Raw data START

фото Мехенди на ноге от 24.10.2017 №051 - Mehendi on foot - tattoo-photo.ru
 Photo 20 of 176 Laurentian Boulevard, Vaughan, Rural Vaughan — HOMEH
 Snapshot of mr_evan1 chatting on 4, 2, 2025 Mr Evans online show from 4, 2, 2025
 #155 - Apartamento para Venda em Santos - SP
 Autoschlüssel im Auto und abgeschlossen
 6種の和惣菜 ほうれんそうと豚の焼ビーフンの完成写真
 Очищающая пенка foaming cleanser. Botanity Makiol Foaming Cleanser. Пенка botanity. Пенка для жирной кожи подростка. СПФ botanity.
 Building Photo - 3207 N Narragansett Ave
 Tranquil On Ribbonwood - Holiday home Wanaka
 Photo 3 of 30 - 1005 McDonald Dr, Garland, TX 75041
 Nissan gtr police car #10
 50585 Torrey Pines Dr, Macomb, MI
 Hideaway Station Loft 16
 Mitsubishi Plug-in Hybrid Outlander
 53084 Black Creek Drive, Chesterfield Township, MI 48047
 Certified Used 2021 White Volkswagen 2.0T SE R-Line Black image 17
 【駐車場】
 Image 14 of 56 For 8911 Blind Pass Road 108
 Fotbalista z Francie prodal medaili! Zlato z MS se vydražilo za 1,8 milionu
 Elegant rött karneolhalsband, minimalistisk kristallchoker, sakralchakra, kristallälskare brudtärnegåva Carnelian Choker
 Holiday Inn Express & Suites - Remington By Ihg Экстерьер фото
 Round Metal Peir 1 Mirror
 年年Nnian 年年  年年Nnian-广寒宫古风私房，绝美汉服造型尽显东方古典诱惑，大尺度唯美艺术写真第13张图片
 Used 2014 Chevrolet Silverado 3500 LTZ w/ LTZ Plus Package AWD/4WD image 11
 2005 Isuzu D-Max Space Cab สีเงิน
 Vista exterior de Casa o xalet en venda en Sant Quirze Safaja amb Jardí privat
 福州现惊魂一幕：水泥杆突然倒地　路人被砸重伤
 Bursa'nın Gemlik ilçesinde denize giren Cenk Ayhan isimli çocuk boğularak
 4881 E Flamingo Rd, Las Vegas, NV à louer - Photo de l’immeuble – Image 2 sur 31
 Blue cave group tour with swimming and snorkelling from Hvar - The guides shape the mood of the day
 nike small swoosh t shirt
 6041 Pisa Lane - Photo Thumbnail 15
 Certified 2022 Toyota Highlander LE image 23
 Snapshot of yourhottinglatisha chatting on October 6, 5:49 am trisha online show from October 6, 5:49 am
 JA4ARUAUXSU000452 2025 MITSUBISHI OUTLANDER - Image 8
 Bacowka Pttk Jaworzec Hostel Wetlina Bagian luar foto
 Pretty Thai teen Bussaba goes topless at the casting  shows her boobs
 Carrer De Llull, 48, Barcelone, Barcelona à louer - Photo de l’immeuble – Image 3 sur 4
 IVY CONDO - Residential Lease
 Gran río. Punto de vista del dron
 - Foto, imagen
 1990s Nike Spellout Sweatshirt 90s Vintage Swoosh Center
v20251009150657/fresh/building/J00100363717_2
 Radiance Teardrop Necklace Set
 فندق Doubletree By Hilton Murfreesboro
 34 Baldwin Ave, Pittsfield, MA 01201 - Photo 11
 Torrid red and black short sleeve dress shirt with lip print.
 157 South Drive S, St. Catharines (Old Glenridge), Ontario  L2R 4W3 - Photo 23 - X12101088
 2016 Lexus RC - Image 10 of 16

Raw data END

What is expected> Nothing should be left out or altered, so reproduce the whole listing.

Exercise answer>
фото Мехенди на ноге от 24.10.2017 №051 - Mehendi on foot - tattoo-photo.ru
 Photo 20 of 176 Laurentian Boulevard, Vaughan, Rural Vaughan — HOMEH
 Snapshot of mr_evan1 chatting on 4, 2, 2025 Mr Evans online show from 4, 2, 2025
 #155 - Apartamento para Venda em Santos - SP
 Autoschlüssel im Auto und abgeschlossen
 6種の和惣菜 ほうれんそうと豚の焼ビーフンの完成写真
 Очищающая пенка foaming cleanser. Botanity Makiol Foaming Cleanser. Пенка botanity. Пенка для жирной кожи подростка. СПФ botanity.
 Building Photo - 3207 N Narragansett Ave
 Tranquil On Ribbonwood - Holiday home Wanaka
 Photo 3 of 30 - 1005 McDonald Dr, Garland, TX 75041
 Nissan gtr police car #10
 50585 Torrey Pines Dr, Macomb, MI
 Hideaway Station Loft 16
 Mitsubishi Plug-in Hybrid Outlander
 53084 Black Creek Drive, Chesterfield Township, MI 48047
 Certified Used 2021 White Volkswagen 2.0T SE R-Line Black image 17
 【駐車場】
 Image 14 of 56 For 8911 Blind Pass Road 108
 Fotbalista z Francie prodal medaili! Zlato z MS se vydražilo za 1,8 milionu
 Elegant rött karneolhalsband, minimalistisk kristallchoker, sakralchakra, kristallälskare brudtärnegåva Carnelian Choker
 Holiday Inn Express & Suites - Remington By Ihg Экстерьер фото
 Round Metal Peir 1 Mirror
 年年Nnian 年年  年年Nnian-广寒宫古风私房，绝美汉服造型尽显东方古典诱惑，大尺度唯美艺术写真第13张图片
 Used 2014 Chevrolet Silverado 3500 LTZ w/ LTZ Plus Package AWD/4WD image 11
 2005 Isuzu D-Max Space Cab สีเงิน
 Vista exterior de Casa o xalet en venda en Sant Quirze Safaja amb Jardí privat
 福州现惊魂一幕：水泥杆突然倒地　路人被砸重伤
 Bursa'nın Gemlik ilçesinde denize giren Cenk Ayhan isimli çocuk boğularak
 4881 E Flamingo Rd, Las Vegas, NV à louer - Photo de l’immeuble – Image 2 sur 31
 Blue cave group tour with swimming and snorkelling from Hvar - The guides shape the mood of the day
 nike small swoosh t shirt
 6041 Pisa Lane - Photo Thumbnail 15
 Certified 2022 Toyota Highlander LE image 23
 Snapshot of yourhottinglatisha chatting on October 6, 5:49 am trisha online show from October 6, 5:49 am
 JA4ARUAUXSU000452 2025 MITSUBISHI OUTLANDER - Image 8
 Bacowka Pttk Jaworzec Hostel Wetlina Bagian luar foto
 Pretty Thai teen Bussaba goes topless at the casting  shows her boobs
 Carrer De Llull, 48, Barcelone, Barcelona à louer - Photo de l’immeuble – Image 3 sur 4
 IVY CONDO - Residential Lease
 Gran río. Punto de vista del dron
 - Foto, imagen
 1990s Nike Spellout Sweatshirt 90s Vintage Swoosh Center
v20251009150657/fresh/building/J00100363717_2
 Radiance Teardrop Necklace Set
 فندق Doubletree By Hilton Murfreesboro
 34 Baldwin Ave, Pittsfield, MA 01201 - Photo 11
 Torrid red and black short sleeve dress shirt with lip print.
 157 South Drive S, St. Catharines (Old Glenridge), Ontario  L2R 4W3 - Photo 23 - X12101088
 2016 Lexus RC - Image 10 of 16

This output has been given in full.